- _Material for this exercise_:
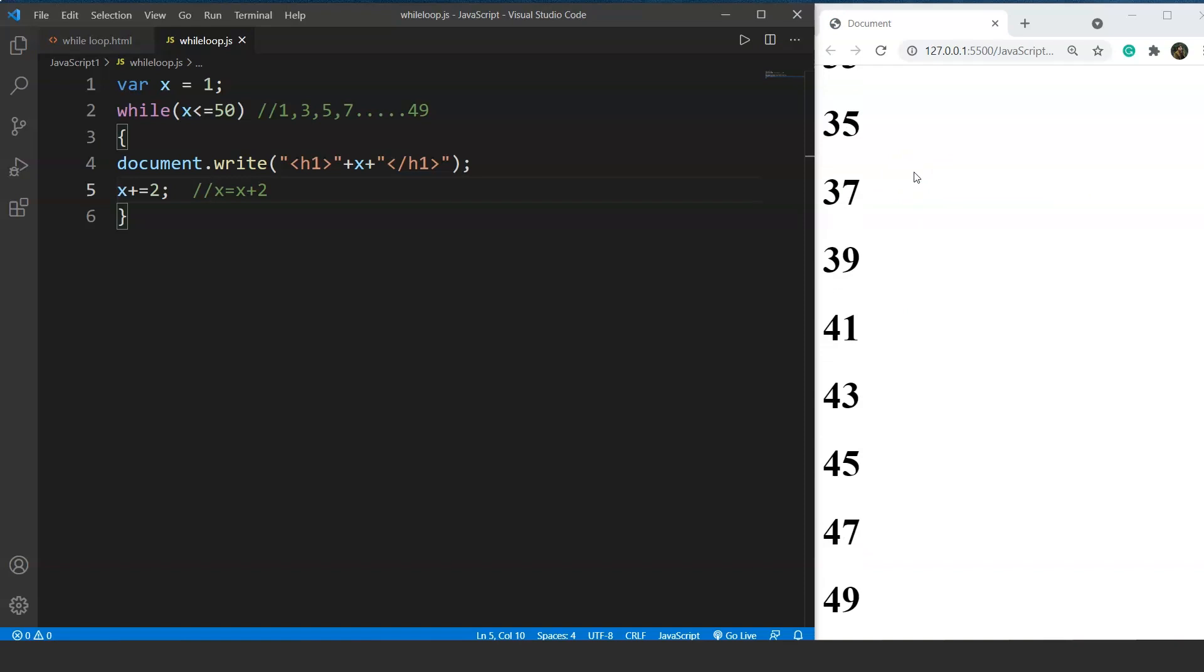Coming back to the difference between the while loop and the for loop, we did the same program previously using for loop. So where to use while loop over for loop? Consider a scenario where we are taking input from the user, and if the input is y we want to do something. If the input is n we want the process to be stopped. We can give the condition in the while loop which will stop when the character y becomes n. We'll go through one such program once we are done with the DOM manipulation part.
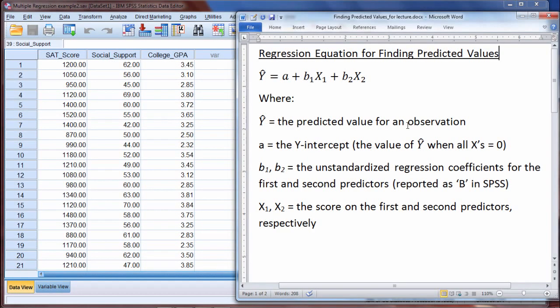In this video we'll take a look at how to find predicted scores or predicted values in multiple regression. Finding predicted values is really very helpful because if we can get an understanding of what a predicted value is, that will really help to unlock many of the features of multiple regression. We can better understand what's going on with a number of different measures including R, R-squared, what a residual is, and so on.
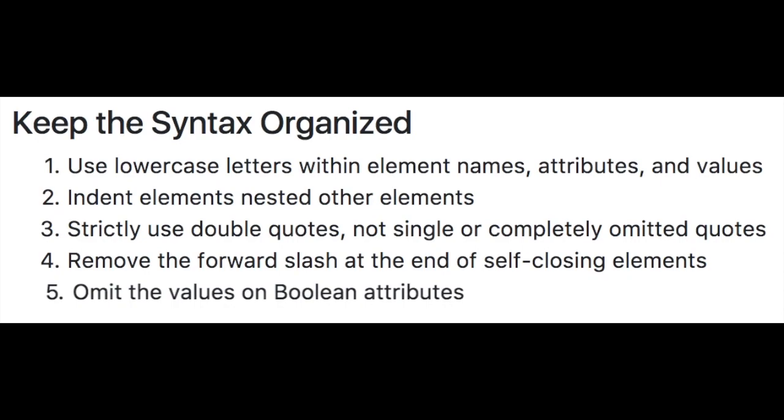Make sure to use lowercase letters within elements, attributes, and values, indent nested elements, only use double quotes, remove the forward slash from any void tag—those self-closing tags.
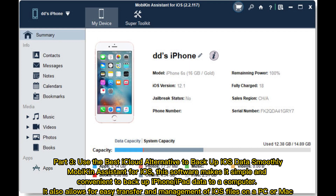Use the best iCloud alternative to backup iOS data smoothly. Mobakin Assistant for iOS — this software makes it simple and convenient to backup iPhone or iPad data to a computer. It also allows for easy transfer and management of iOS files on a PC or Mac.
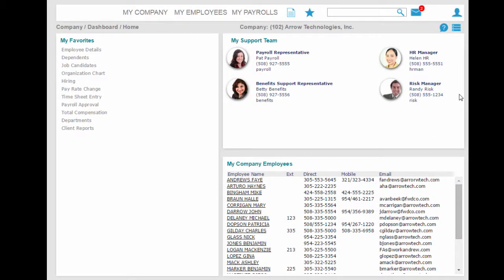Welcome to a brief overview of the Manager Self Service Portal. This portal lets you and other managers for your business access the information you need via a modern, web-based experience.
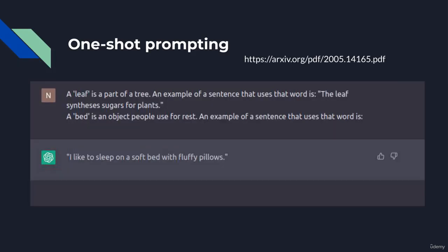Let's kick things off with one-shot prompting. This technique involves providing one example to the model for it to learn from, and then asking it to perform the same procedure on another example. For instance, here we provide 'leaf' as a noun, and we also have a description of it, and we provide an example of a sentence that uses that word.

- _Directions for this task_:
Your task is to repeat the data above exactly while excluding the pictures.

- _Written answer_:
Coming back to the difference between the while loop and the for loop, we did the same program previously using for loop. So where to use while loop over for loop? Consider a scenario where we are taking input from the user, and if the input is y we want to do something. If the input is n we want the process to be stopped. We can give the condition in the while loop which will stop when the character y becomes n. We'll go through one such program once we are done with the DOM manipulation part.
In this video we'll take a look at how to find predicted scores or predicted values in multiple regression. Finding predicted values is really very helpful because if we can get an understanding of what a predicted value is, that will really help to unlock many of the features of multiple regression. We can better understand what's going on with a number of different measures including R, R-squared, what a residual is, and so on.
Make sure to use lowercase letters within elements, attributes, and values, indent nested elements, only use double quotes, remove the forward slash from any void tag—those self-closing tags.
Use the best iCloud alternative to backup iOS data smoothly. Mobakin Assistant for iOS — this software makes it simple and convenient to backup iPhone or iPad data to a computer. It also allows for easy transfer and management of iOS files on a PC or Mac.
Welcome to a brief overview of the Manager Self Service Portal. This portal lets you and other managers for your business access the information you need via a modern, web-based experience.
Let's kick things off with one-shot prompting. This technique involves providing one example to the model for it to learn from, and then asking it to perform the same procedure on another example. For instance, here we provide 'leaf' as a noun, and we also have a description of it, and we provide an example of a sentence that uses that word.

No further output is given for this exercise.